A year ago, Clint Bowyer was on top of the world in the spring Martinsville race. After a snow out forced that race to Monday, Bowyer snapped a 190-race winless streak.
The 39-year-old could have collected his second grandfather clock in Sunday’s STP 500, but instead was in survival mode after two pit road speeding penalties.
After being a top-10 contender all race, Bowyer was first clocked for speeding during a pit stop under caution at lap 314.
This sent Bowyer to the tail end of the longest line.
As Bowyer fumed, he attempted to climb out of the hole.
50 laps after his first speeding penalty, Bowyer was busted again. Luckily for the Kansas native both penalties came under yellow, so he never lost laps as a result.

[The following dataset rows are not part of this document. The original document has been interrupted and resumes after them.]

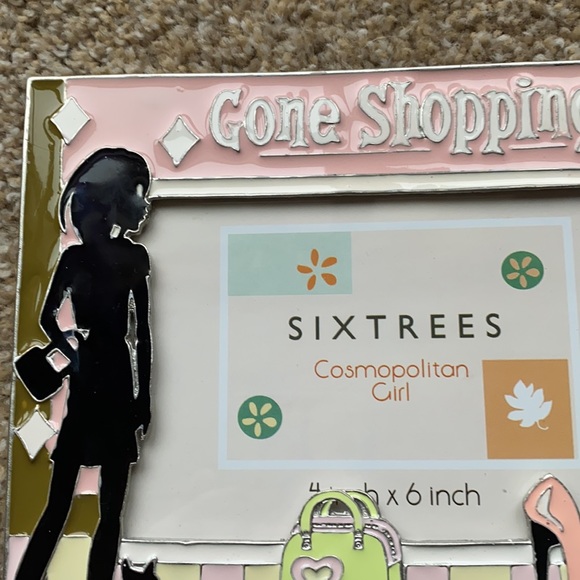 Sixtrees Cosmopolitan Girl 4x6 picture frame - Picture 3 of 7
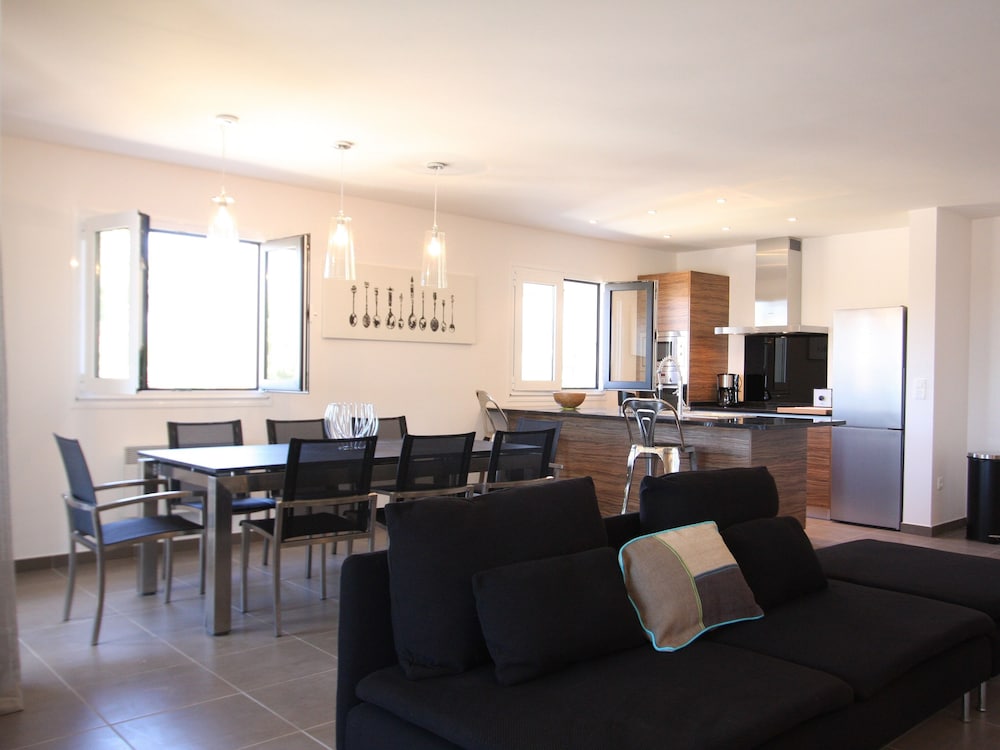 Apartment, Ensuite, Pool View (F4 120m² (4)) photo 1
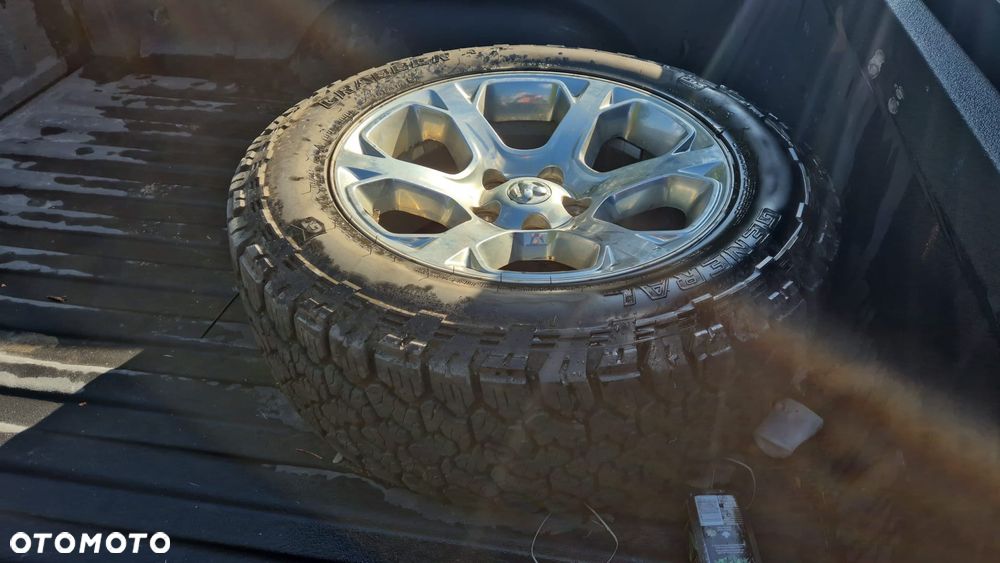 Dodge RAM 1500 5.7 4x4 - 5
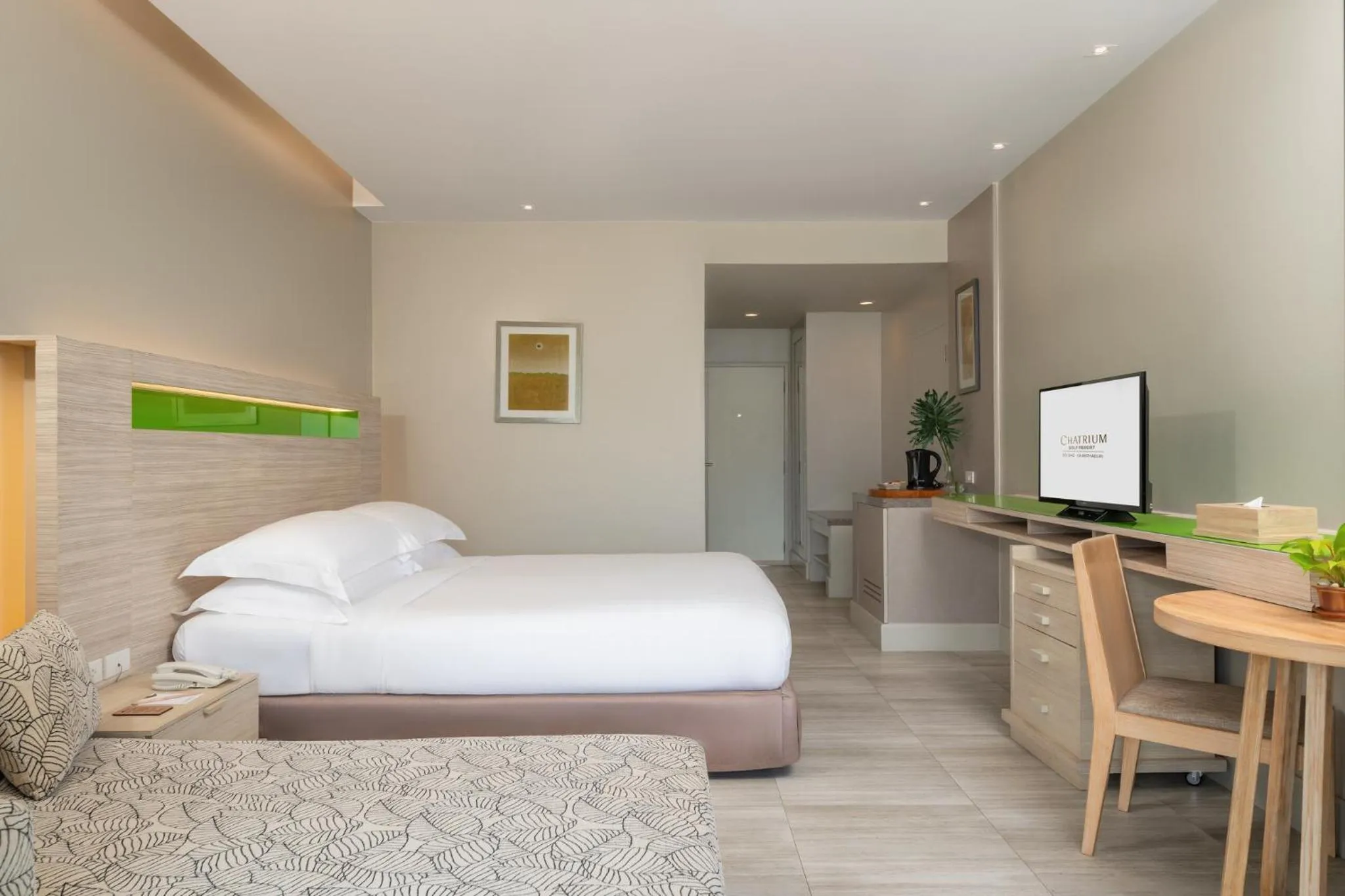 Bedroom, Bed in Chatrium Golf Resort Soi Dao Chanthaburi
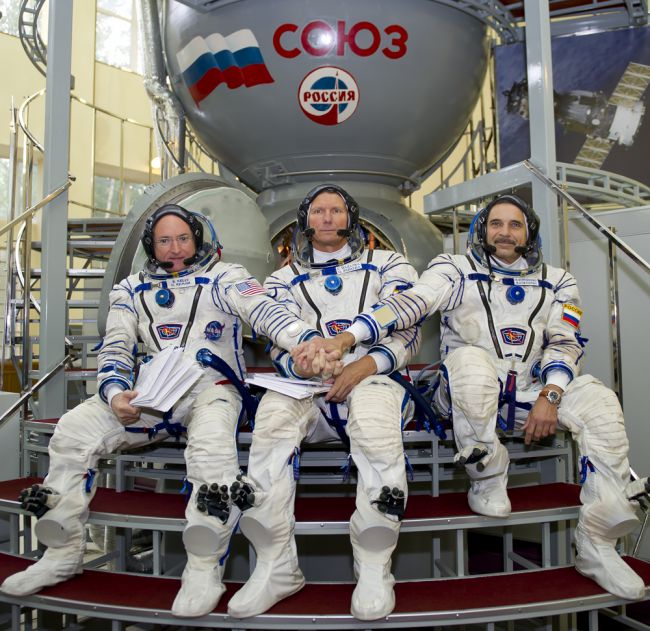 Космонавты, Фото с места события из других источников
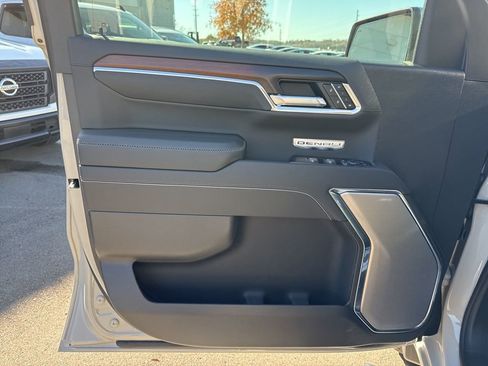 New 2026 GMC Sierra 1500 Denali w/ Technology Package image 11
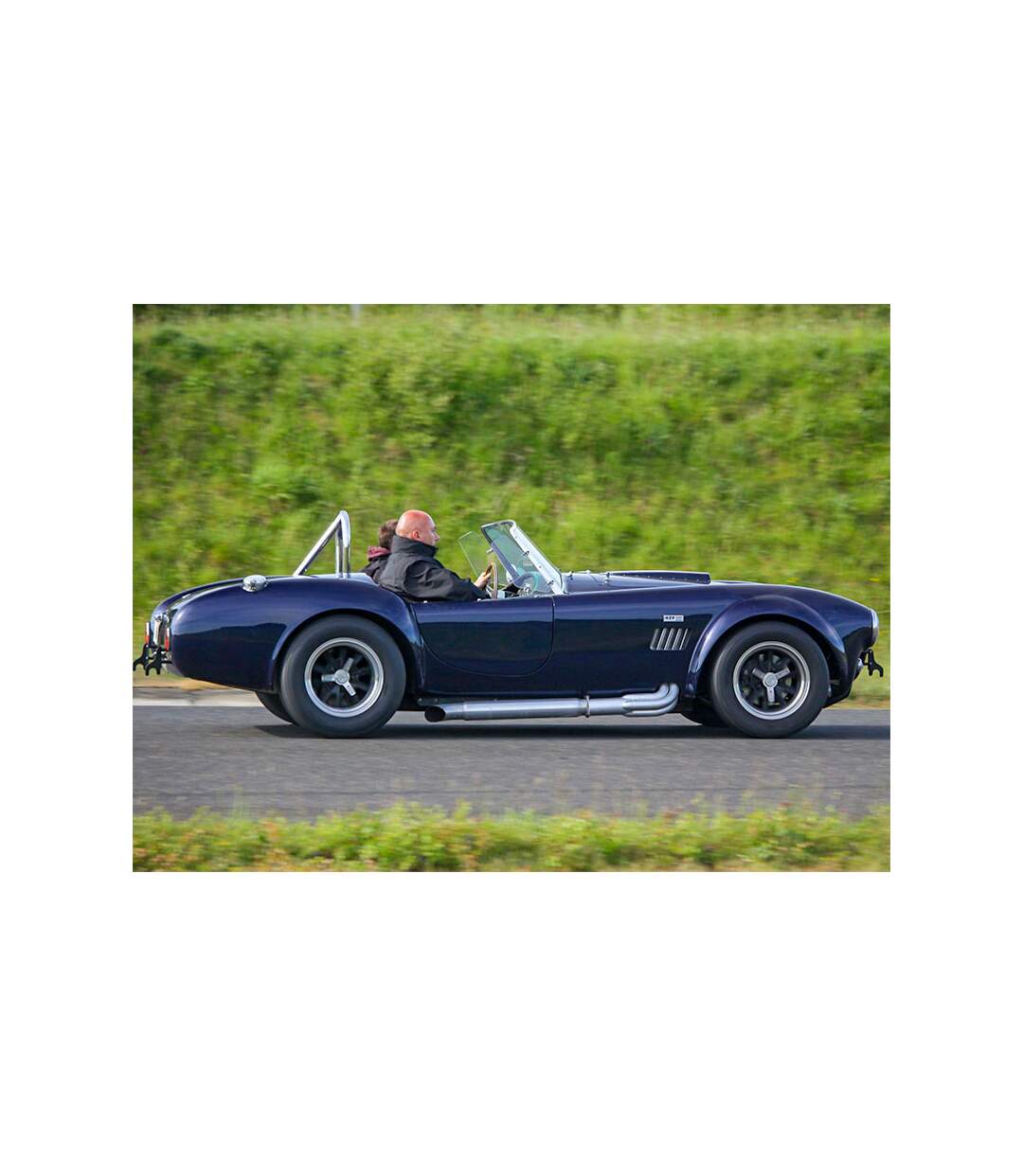 Passion Drift : 3 tours de pilotage d'une AC Cobra et baptême Drift en BMW M3 - SMARTBOX - Coffret Cadeau Sport & Aventure
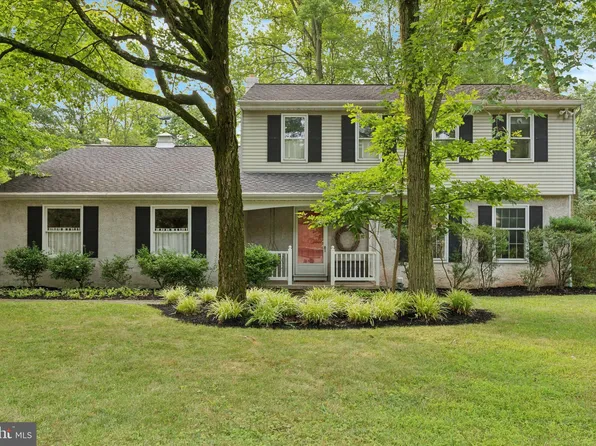 1217 Dickerson Rd, North Wales, PA 19454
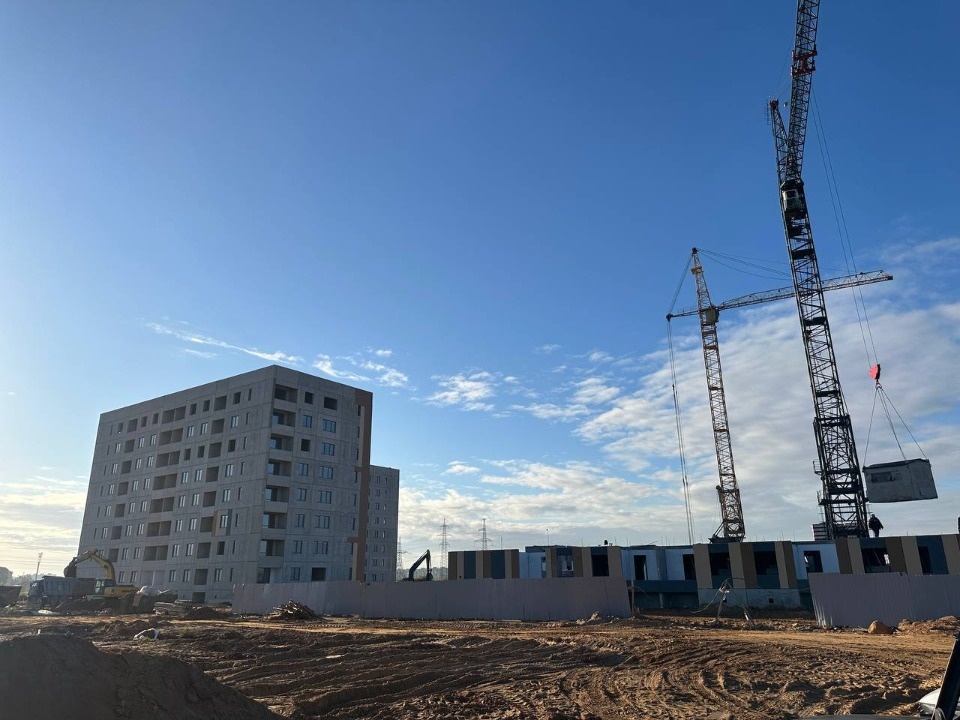 Новую котельную строят в псковской деревне Хотицы Новую котельную строят в псковской деревне Хотицы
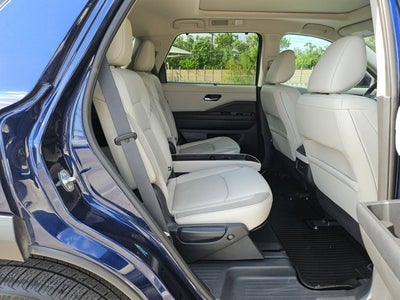 2022 Nissan Pathfinder SL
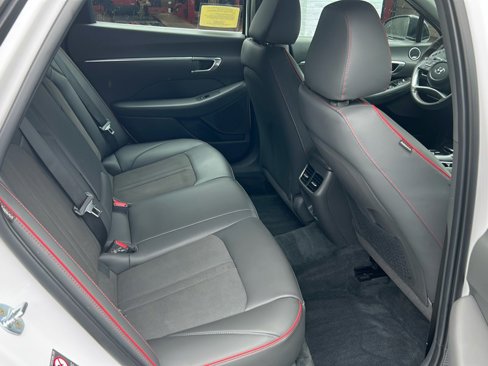 Used 2023 Hyundai Sonata SEL Plus image 11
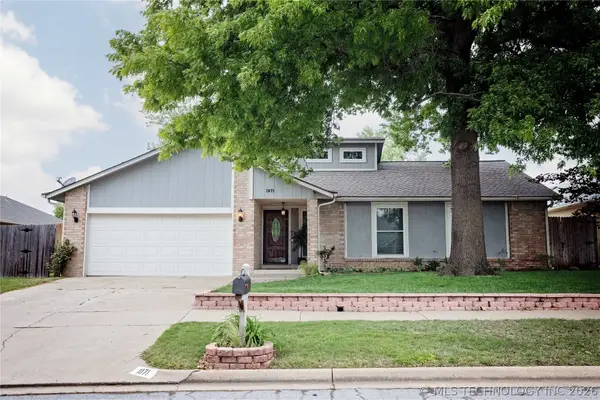 1071 E 138th Street, Glenpool, OK 74033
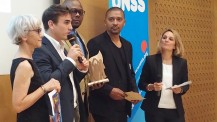 Prix Éthique et sport scolaire : Jean-Baptiste Suberbie reçoit le prix décerné à l'association sportive du lycée français de Phnom Penh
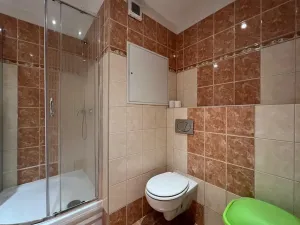Pronájem bytu 2+kk, Praha - Kobylisy, Kyselova, 44 m2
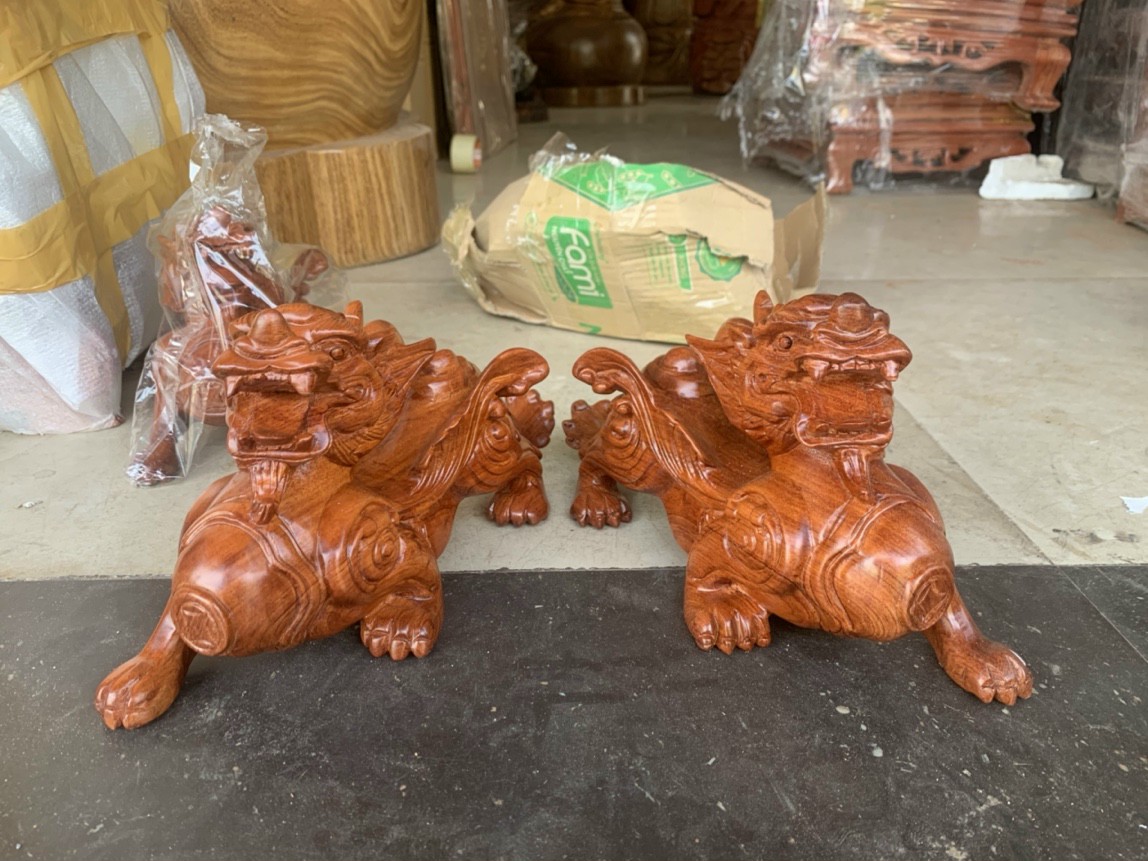 Cặp tỳ hưu gỗ hương ngang 30cm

According to Bowyer, obstacles on pit road during practice made honing his pit road speed quite difficult.
“I guess we need to get our stuff together on being on the same page with that pit road speed. It’s such an important thing and such a big part of this style of racing, where track position is everything, Bowyer explained. “We push it to the limit, but it’s so hard to practice pit road speed. You’ve got trucks on pit road when you’re trying to practice that. I’m not making any excuses, it’s just when you’re trying to pinch every little thing out of it, it was hard this week to practice pit road speed because of all the stuff on pit road.”
Over the final 126 laps of the race, Bowyer kept his head down and dug deep. When the checkered flag was displayed, he had miraculously worked back into the seventh position.
In the end, Bowyer was quite frustrated because he knows he had a great car.
“I don’t think anybody obviously had anything for [Brad Keselowski] or [Chase Elliott, who] made some adjustments there early and was really fast,” Bowyer said. “I think we were a top three car for sure, but we kept beating ourselves.”